Microdialysis probes (2.0 mm; Bioanalytical Systems, West Lafayette, IN) were positioned within the guide cannulas and artificial cerebrospinal fluid (155 mM NaCl, 1.1 mM CaCl2, 2.9 mM KCl, and 0.83 mM MgCl2) was administered through the probe by using a CMA/100 microinfusion pump (Bioanalytical Systems) at a flow rate of 2.0 l/min. Animals were placed in bowls, and probes were inserted and flushed with artificial cerebrospinal fluid overnight. On the day of study, a minimum of three samples was injected to determine baseline stability. Samples were collected for 20 min and injected on-line (Bioanalytical Systems). The average DA concentration of these three stable samples was defined as control (100%), and all subsequent treatment values were transformed to a percentage of that control. The HPLC system consisted of a BAS reversed phase column (3.0 μm C18), a BAS LC-4C electrochemical transducer with a dual glassy carbon electrode set at 650 mV relative to an Ag/AgCl reference electrode, a computer that analyzes data on-line by using a commercial software package (Chromgraph; Bioanalytical Systems), and a dual pen chart recorder. The mobile phase (flow rate 1.0 ml/min) consisted of 7.0% methanol, 50 mM sodium phosphate monobasic, 1.0 mM sodium octyl sulfate, and 0.1 mM EDTA, pH 4.0.
Locomotor Activity.
Animals were individually placed in photocell activity boxes (San Diego Instruments, San Diego, CA). The boxes were 41.3 × 41.3 × 30.5-cm clear acrylic. The electronic system used to monitor the movements consists of 16 infrared beams projecting across the cages from left to right and 16 beams from back to back. All the beams are approximately 0.39 cm from the floor. After 100 min to allow initial exploratory behavior to decrease, animals were injected i.p. with vehicle or MP (2, 5, or 10 mg/kg). In a separate group of experiments, animals received saline or MP (2, 5, or 10 mg/kg) by intragastric infusion via a catheter. Beam crossings were recorded every minute and the mean number of crossings for each group of animals was summed into 20-min intervals for graphical display.
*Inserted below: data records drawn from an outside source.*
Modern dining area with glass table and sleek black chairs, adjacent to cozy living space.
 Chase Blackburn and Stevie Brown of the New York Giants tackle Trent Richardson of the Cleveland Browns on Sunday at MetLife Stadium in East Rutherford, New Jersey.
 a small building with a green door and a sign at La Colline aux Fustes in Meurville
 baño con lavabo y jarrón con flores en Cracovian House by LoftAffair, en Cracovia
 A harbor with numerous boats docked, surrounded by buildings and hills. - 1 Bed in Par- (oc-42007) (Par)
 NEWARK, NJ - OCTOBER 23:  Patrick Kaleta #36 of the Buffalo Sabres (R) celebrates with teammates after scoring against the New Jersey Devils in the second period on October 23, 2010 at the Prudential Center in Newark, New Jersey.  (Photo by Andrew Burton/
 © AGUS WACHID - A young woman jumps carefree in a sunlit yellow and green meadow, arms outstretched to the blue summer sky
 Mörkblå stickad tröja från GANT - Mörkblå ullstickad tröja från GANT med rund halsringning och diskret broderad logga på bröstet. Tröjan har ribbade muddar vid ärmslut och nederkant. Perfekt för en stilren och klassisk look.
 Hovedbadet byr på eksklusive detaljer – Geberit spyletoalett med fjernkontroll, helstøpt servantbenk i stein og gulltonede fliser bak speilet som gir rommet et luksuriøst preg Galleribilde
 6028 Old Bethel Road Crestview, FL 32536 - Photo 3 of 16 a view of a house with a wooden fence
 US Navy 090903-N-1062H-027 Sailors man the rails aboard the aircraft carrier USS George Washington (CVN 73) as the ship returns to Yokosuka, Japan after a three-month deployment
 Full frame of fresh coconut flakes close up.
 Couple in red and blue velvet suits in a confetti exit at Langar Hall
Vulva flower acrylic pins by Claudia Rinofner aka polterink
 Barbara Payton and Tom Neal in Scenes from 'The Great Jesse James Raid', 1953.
d-[3H]threo-MP Uptake in the Brain.
Animals were treated with 5 mg/kg MP plus 2 μCi (per rat) ofd-[3H]threo-MP either i.p. or via gavage. After 20 min animals were sacrificed by decapitation and their striata and cerebella dissected. Brain regions were weighed and dissolved in 1 ml of tissue solubilizer (Solvable; Packard, Meriden, CT). UltimaGold (Packard) liquid scintillation fluid was added and radioactivity was determined by scintillation counting with quench connection by external standard. Data are expressed as nanomoles ofd-[3H]threo-MP per gram of tissue (wet weight).
Data Analysis.
Peak increases in extracellular DA, expressed as a percentage of baseline values (the average of three predrug levels differing from each other by not more than 10%) were compared for every dose across both routes of administration by a one-way ANOVA and post hoc test. Significance levels were set at P < .05.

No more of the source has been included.